What you will do:
As the answer, give exactly the lines of the records below from the one with "Retro Funny Cow" through the one with "Backyard Tiki Bar", ends included and pictures left out.

Input data:
↓↓↓
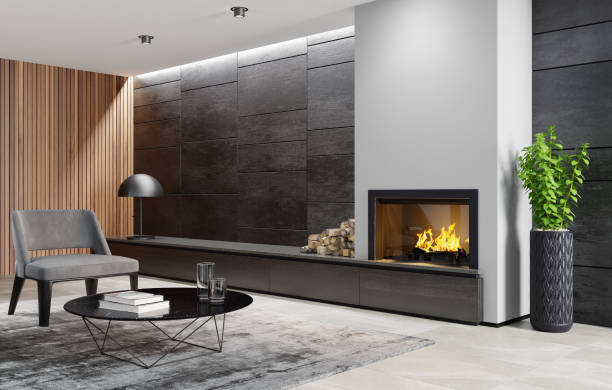 istock Modern minimalist apartment interior living room with fireplace 1273395568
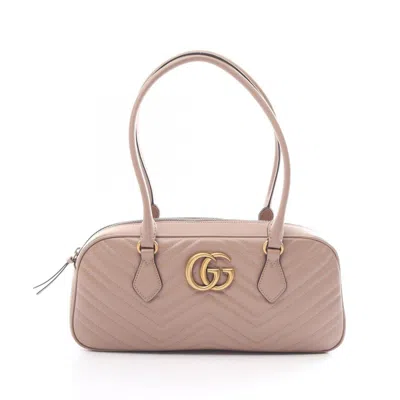 Pre-owned Gucci Gg Marmont Pink Leather Tote Bag ()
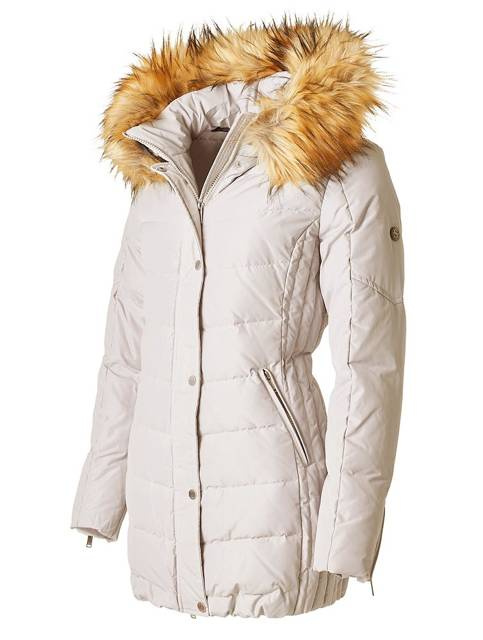 SAKI LAUREN 78 cm - Čierna teplá páperová bunda s kapucňou a falošným golierom v čiernej farbe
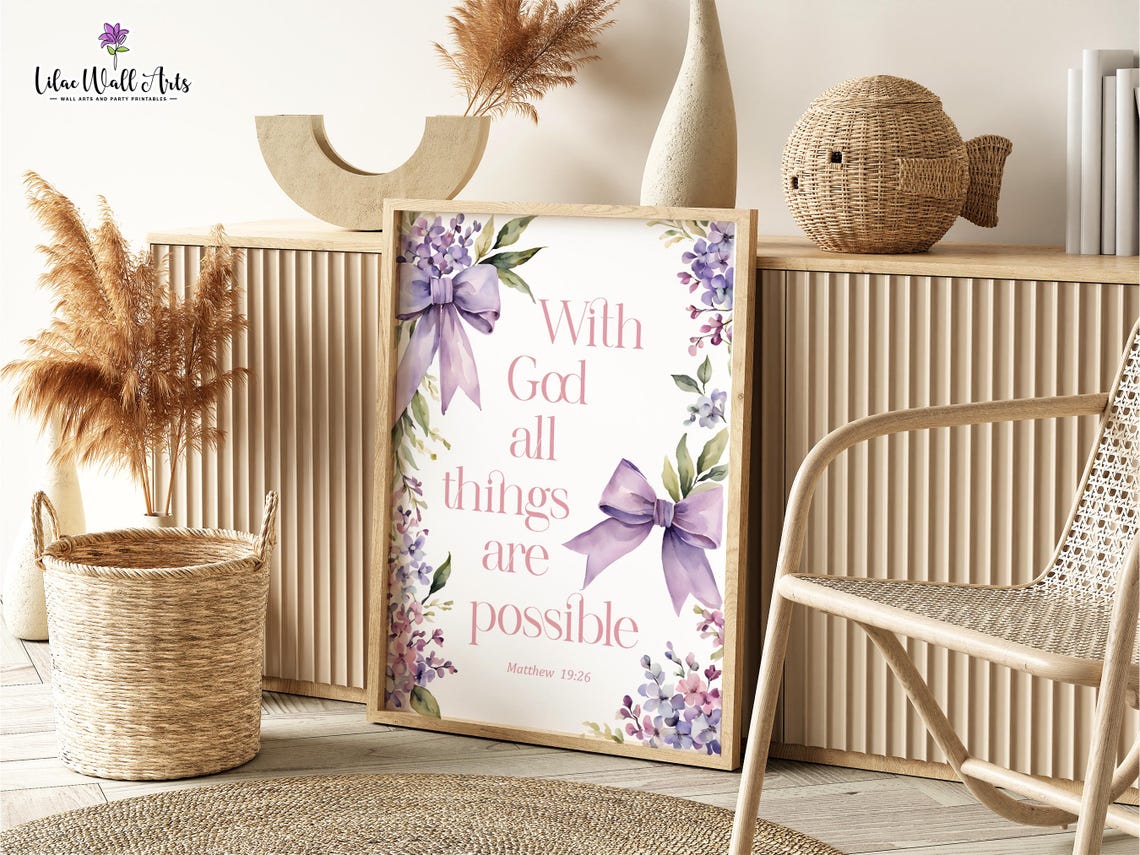 Matthew 19:26 With God All Things Are Possible Lilac Bow Poster - Image 3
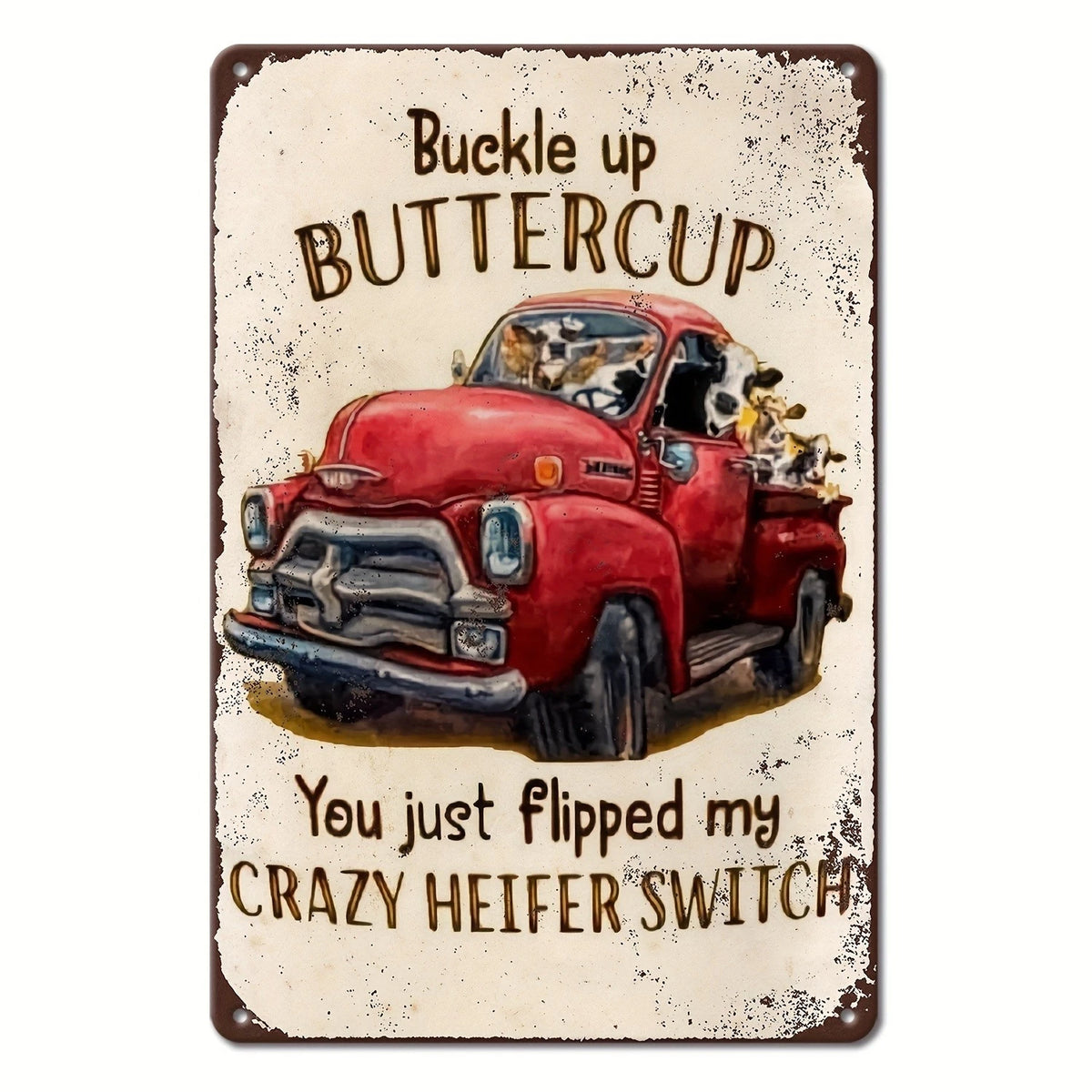 Retro Funny Cow in Truck Farmhouse Aluminum Sign — product artwork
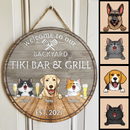 Backyard Tiki Bar & Grill Welcome Door Signs, Gifts For Pet Lovers, Couple Of Spatula Custom Wooden Signs
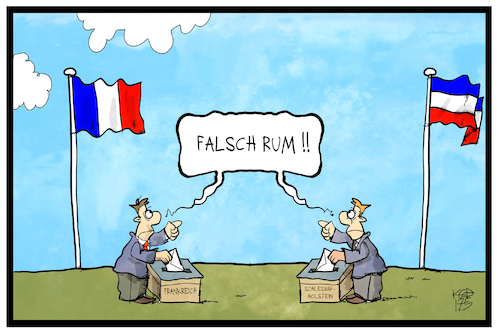 Cartoon: Frankreich und S.-H. (medium) by Kostas Koufogiorgos tagged karikatur,koufogiorgos,illustration,cartoon,fahne,flagge,frankreich,schleswig,holstein,wahl,wahlurne,blau,weiss,rot,demokratie,verwechslung,karikatur,koufogiorgos,illustration,cartoon,fahne,flagge,frankreich,schleswig,holstein,wahl,wahlurne,blau,weiss,rot,demokratie,verwechslung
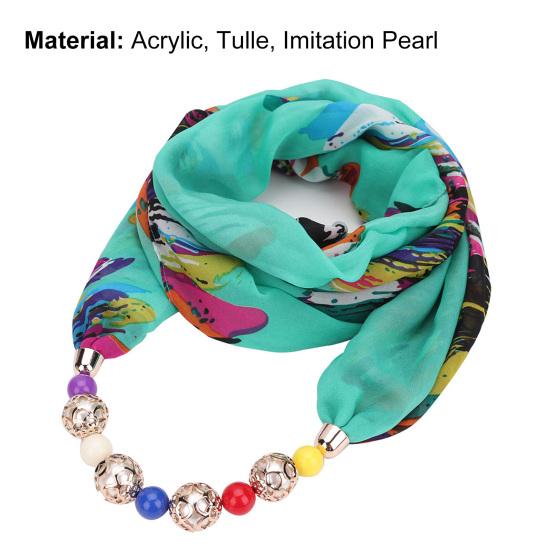 Beads Pendant Floral Print Necklace Scarf Simple Ethnic Style Vintage Chiffon Scarf for Home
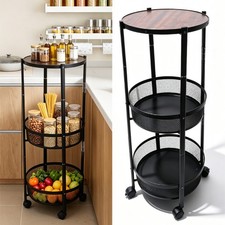 Round 3-Tier Folding Utility Cart with Locking Wheels,Portable Organizer Trolley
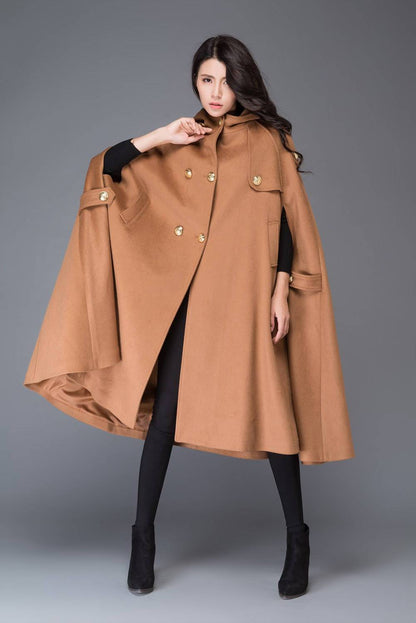 Hooded cloak, cape coat, wool cloak, hooded cape, wool coat, long coat, long cape, winter cloak, maxi coat, plus size coat, brown cape C994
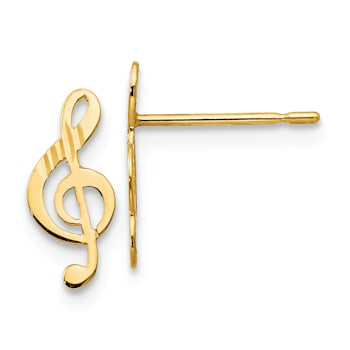14K Yellow Gold Diamond-cut Music Note Post Earrings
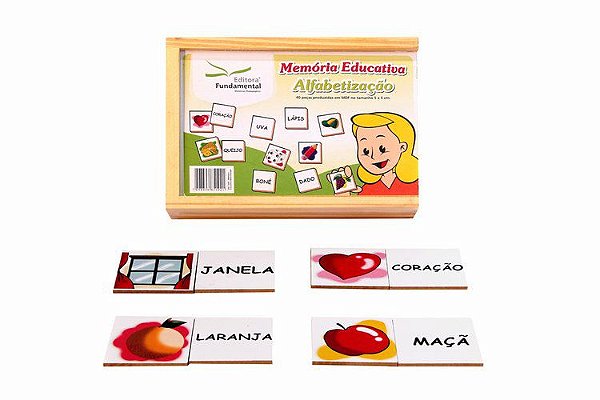 Memória Educativa - Alfabetização - Jogo c/40 peças - MDF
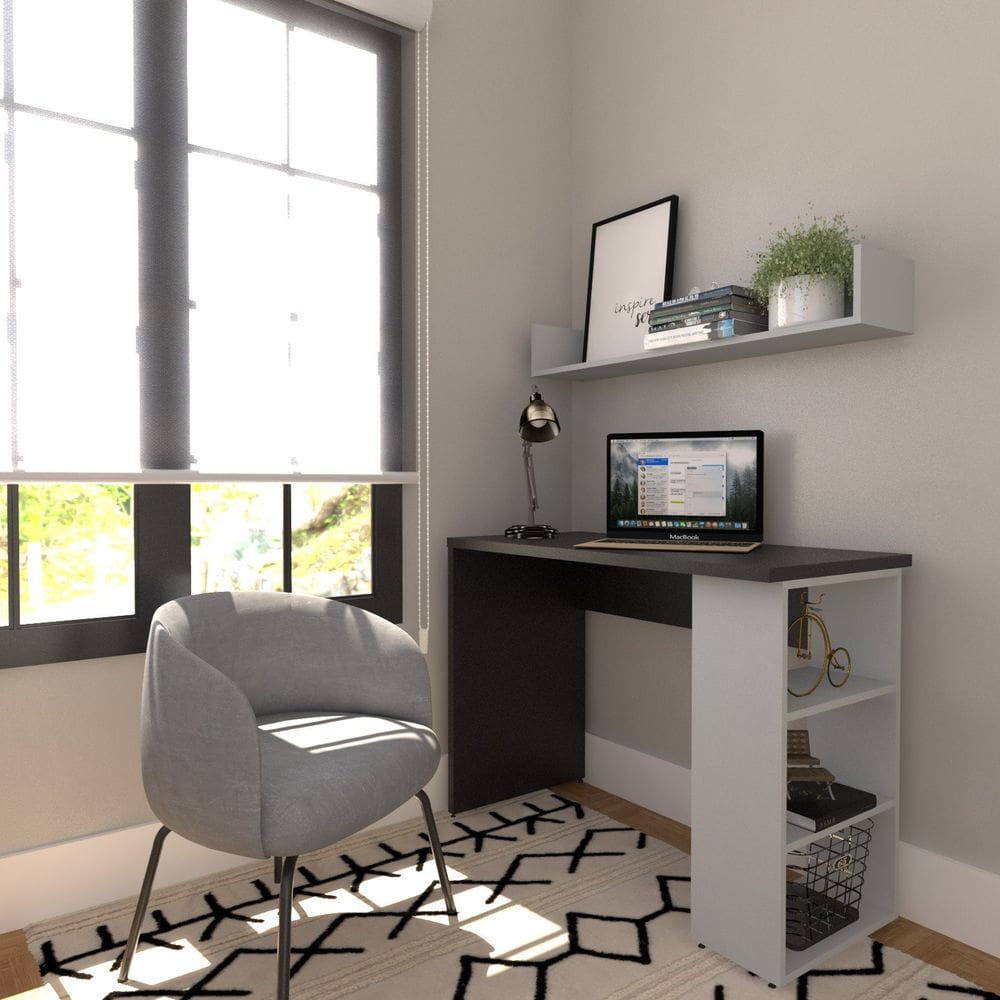 Conjunto de Mesa com Prateleiras Para Escritório ou Home Office 90 cm de Largura Preto/Cinza Cristal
↑↑↑
Answer for the task:
 Retro Funny Cow in Truck Farmhouse Aluminum Sign — product artwork
 Backyard Tiki Bar & Grill Welcome Door Signs, Gifts For Pet Lovers, Couple Of Spatula Custom Wooden Signs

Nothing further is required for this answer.